The quantitative estimates of the lamellar interface bonding ratio help us understand how spray parameters affect the lamellar interface bonding. It also provides necessary data to develop relationships between the microstructure of coating and properties and the study of how and why spreading droplet bonds to the underlying splats. McPherson (McPherson and Shafer 1982) attempted the first quantitative estimation of the real contact ratio based on the relative Young’s modulus of a plasma-sprayed ceramic coating concerning the comparable bulk.

Previous studies have examined the oxidation behavior of coatings applied using popular thermal spraying procedures, including APS and HVOF (Chatha et al. 2013; Oksa et al. 2015; López et al. 2014). Nevertheless, the coating characteristics linked with the preceding approaches, such as pores, splat boundaries, and in situ-produced oxides (Song et al. 2017), result in the production of a discontinuous oxide scale, prompting researchers to look for a more efficient protective resistor. The greater number of linked pores in the coatings and poor splat cohesion caused by oxides and voids generated at the splat boundaries have a negative impact on the coatings’ oxidation behavior (Uusitalo et al. 2002).

Plasma spraying involves the application of a projection of semi-molten, molten, or unmolten particles incident on a target metal surface, which creates layer of coating on the surface. Due to non-equilibrium events during swift solidification, plasma spray provides a covering with a highly thin microstructure. Respective particles may touch the surface of the substrate or a pre-deposited layer when applying spray (Roche et al. 2022). After spraying, particles likely form a structure like pancake- or lamella-like layer structure on the substrate surface. Due to multiple elongated grains linked to one another, including internal fissures, pores, and unsoften particles, the pancake-like structure is heterogeneous. As a result, a good coating is usually thought to have a lamella-like homogenous structure with fine grains. The active sites offered by the pores and oxides are primarily responsible for the connection between these already deposited particles and the current sprayed particles. Certain parameters such as velocity, diameter, temperature, morphology, and pressure are critical considerations for the coating process. The substrate’s surface roughness and the sprayed particle’s solidification determine the molten particle’s flattening. However, studies have concluded that managing parameters for successful coating include impinging droplet factors and substrate parameters and that a mix of both is sometimes required for quality coating (Dhiman et al. 2007). Figure 4 shows the thermally sprayed coating features, such as oxides, debris on the target surface, surface porosity, and semi-melted particles.

Fig. 4

Microstructure of the internals of thermal spray coating process (Fauchais et al. 2010; Lima and Marple 2007)

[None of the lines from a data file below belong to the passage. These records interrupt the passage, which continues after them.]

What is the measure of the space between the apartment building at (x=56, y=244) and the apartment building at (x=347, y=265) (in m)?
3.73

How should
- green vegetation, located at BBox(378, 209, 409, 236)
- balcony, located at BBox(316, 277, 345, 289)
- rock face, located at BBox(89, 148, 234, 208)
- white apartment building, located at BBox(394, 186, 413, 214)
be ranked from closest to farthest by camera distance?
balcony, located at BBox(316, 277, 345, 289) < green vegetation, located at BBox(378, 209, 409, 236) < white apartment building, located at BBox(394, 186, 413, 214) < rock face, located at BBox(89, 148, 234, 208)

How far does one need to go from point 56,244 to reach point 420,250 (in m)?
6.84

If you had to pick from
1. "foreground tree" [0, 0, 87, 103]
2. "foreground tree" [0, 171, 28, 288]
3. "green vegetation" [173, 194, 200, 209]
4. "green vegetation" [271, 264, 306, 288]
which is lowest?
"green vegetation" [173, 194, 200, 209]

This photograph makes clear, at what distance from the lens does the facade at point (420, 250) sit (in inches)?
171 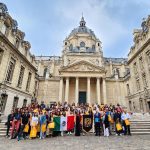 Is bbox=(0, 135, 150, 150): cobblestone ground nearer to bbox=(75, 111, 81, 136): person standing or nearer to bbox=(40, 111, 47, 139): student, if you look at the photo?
bbox=(40, 111, 47, 139): student

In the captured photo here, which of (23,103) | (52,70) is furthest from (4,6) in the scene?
(52,70)

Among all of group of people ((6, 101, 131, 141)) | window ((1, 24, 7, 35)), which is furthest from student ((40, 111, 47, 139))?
window ((1, 24, 7, 35))

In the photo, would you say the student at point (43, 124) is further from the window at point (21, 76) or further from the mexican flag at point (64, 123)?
the window at point (21, 76)

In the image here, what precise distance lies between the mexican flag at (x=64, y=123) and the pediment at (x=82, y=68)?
2100cm

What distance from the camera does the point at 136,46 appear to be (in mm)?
21484

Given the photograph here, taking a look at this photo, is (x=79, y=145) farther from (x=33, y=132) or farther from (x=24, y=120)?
(x=24, y=120)

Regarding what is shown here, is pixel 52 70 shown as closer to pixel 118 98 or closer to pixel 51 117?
pixel 118 98

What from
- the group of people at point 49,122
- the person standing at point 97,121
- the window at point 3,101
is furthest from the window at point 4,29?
the person standing at point 97,121

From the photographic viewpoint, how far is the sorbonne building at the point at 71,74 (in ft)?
48.3

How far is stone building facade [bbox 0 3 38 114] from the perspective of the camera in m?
13.7

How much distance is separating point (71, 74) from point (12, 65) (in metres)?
15.9

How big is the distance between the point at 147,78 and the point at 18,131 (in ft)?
Answer: 56.0

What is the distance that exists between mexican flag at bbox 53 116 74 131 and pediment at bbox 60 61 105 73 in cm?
2100

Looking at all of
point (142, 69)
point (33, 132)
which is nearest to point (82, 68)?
point (142, 69) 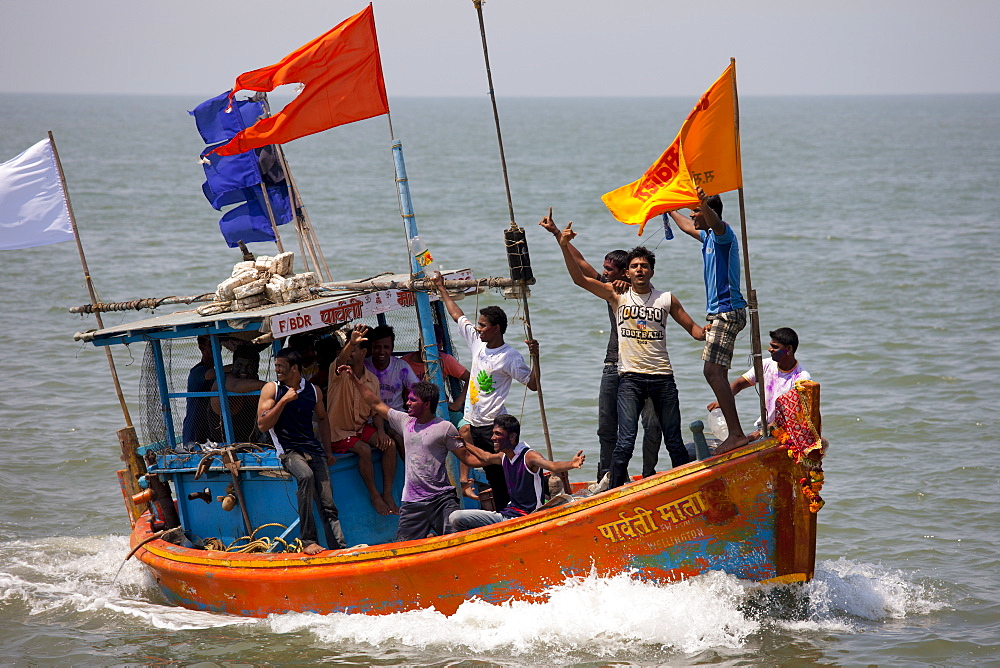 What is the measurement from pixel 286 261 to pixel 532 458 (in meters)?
2.74

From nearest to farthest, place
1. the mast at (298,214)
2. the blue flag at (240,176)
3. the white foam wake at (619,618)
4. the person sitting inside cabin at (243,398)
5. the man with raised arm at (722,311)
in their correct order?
the man with raised arm at (722,311), the white foam wake at (619,618), the person sitting inside cabin at (243,398), the mast at (298,214), the blue flag at (240,176)

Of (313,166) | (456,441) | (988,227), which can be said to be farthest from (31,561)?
(313,166)

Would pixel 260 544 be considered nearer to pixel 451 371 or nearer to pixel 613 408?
pixel 451 371

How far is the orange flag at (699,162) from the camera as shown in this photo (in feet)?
22.6

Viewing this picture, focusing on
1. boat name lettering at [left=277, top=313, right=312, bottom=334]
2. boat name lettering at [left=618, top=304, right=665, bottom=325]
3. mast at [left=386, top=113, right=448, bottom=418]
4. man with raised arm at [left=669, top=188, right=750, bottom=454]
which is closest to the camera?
man with raised arm at [left=669, top=188, right=750, bottom=454]

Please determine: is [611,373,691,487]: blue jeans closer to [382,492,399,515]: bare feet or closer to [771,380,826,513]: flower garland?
[771,380,826,513]: flower garland

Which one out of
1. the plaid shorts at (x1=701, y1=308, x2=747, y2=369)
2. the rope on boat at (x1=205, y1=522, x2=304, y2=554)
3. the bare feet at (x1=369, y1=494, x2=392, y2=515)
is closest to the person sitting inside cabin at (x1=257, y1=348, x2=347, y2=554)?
the rope on boat at (x1=205, y1=522, x2=304, y2=554)

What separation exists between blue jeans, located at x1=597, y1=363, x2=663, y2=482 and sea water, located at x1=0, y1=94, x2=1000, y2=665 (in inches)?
38.2

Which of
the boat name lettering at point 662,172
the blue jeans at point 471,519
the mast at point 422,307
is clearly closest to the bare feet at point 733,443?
the blue jeans at point 471,519

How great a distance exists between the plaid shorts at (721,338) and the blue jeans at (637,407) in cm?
49

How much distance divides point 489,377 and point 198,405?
2521mm

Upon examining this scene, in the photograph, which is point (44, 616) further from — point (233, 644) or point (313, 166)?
point (313, 166)

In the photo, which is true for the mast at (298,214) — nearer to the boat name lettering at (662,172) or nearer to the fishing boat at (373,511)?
the fishing boat at (373,511)

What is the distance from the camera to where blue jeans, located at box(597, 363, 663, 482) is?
7715 millimetres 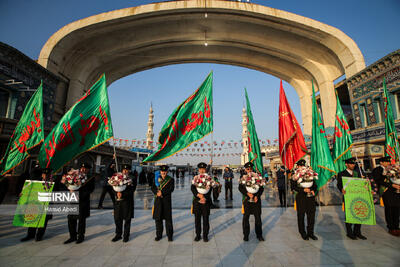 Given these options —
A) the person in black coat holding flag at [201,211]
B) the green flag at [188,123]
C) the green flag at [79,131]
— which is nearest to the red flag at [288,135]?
the green flag at [188,123]

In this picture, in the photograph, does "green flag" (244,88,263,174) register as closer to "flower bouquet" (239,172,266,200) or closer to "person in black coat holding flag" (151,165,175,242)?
"flower bouquet" (239,172,266,200)

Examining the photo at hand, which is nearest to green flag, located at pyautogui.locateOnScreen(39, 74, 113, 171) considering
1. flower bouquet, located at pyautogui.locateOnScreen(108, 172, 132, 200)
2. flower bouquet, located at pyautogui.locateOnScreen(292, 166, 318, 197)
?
flower bouquet, located at pyautogui.locateOnScreen(108, 172, 132, 200)

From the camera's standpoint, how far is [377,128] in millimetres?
14734

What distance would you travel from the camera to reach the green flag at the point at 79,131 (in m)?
4.26

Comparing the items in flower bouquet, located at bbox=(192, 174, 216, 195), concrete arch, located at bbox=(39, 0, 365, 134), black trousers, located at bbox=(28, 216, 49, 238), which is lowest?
black trousers, located at bbox=(28, 216, 49, 238)

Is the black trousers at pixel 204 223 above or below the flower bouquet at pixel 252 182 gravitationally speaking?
below

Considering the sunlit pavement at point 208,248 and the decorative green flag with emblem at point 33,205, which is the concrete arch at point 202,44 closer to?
the decorative green flag with emblem at point 33,205

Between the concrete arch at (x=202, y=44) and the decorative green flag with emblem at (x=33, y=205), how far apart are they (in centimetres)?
1750

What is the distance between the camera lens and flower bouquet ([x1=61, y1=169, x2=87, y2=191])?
4.42 metres

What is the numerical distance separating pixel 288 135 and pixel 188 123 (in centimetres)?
356

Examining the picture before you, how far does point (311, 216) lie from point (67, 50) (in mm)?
23886

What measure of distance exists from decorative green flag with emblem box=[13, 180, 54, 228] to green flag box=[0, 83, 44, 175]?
1.06 meters

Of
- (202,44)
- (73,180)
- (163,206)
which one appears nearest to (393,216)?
(163,206)

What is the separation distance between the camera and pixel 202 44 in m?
23.0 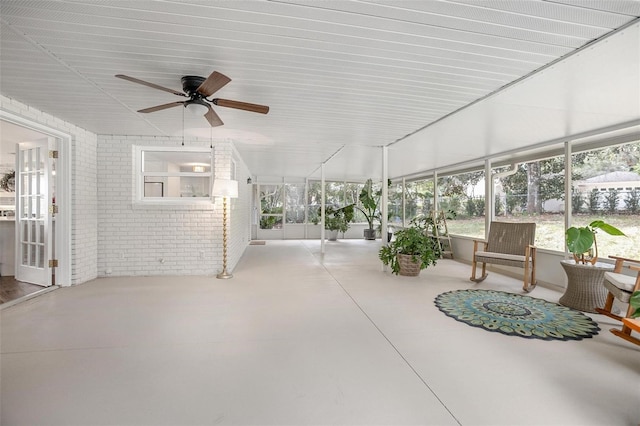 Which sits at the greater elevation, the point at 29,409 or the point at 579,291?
the point at 579,291

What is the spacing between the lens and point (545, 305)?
337cm

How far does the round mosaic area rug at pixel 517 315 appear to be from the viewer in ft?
8.60

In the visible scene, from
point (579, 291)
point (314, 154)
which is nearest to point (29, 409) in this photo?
point (579, 291)

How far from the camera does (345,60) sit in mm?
2322

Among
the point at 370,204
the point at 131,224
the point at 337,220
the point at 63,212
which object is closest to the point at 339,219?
the point at 337,220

However, due to its extreme mechanical weakness, the resulting microstructure can be far more prone to delamination than its forerunners. Alternately, one may concentrate on improving the stoichiometry of the plasma-sprayed HA coatings. Still, with the necessary spraying conditions, it might be difficult to incorporate the type of microstructure required/porosity. In this light, layered "functional" osteoconductive coatings might be seen as a technique to advance the state of the art of technology (Gildersleeve and Vaßen 2023).

Bonding mechanism

When hitting particles flatten out in spraying processes, they are called "splats," which might be disks, splashes, or fragmented splats. A thermally sprayed covering was formed when numerous overlapped splats hardened and attached, as shown in Fig. 5. As a result, a fundamental structural component of thermal spray coatings is a splat. When speeding particles collide with a surface, splats form. The approaching molten or semi-molten droplets are mostly spherical, flattening and dispersing in the shape of disklike formations (splats) to fill the underlying interstices upon collision with the substrate surface (free spaces).

Fig. 5

Splat boundaries in the corrosion of coatings (Sadeghi et al. 2019; Sadeghimeresht 2018)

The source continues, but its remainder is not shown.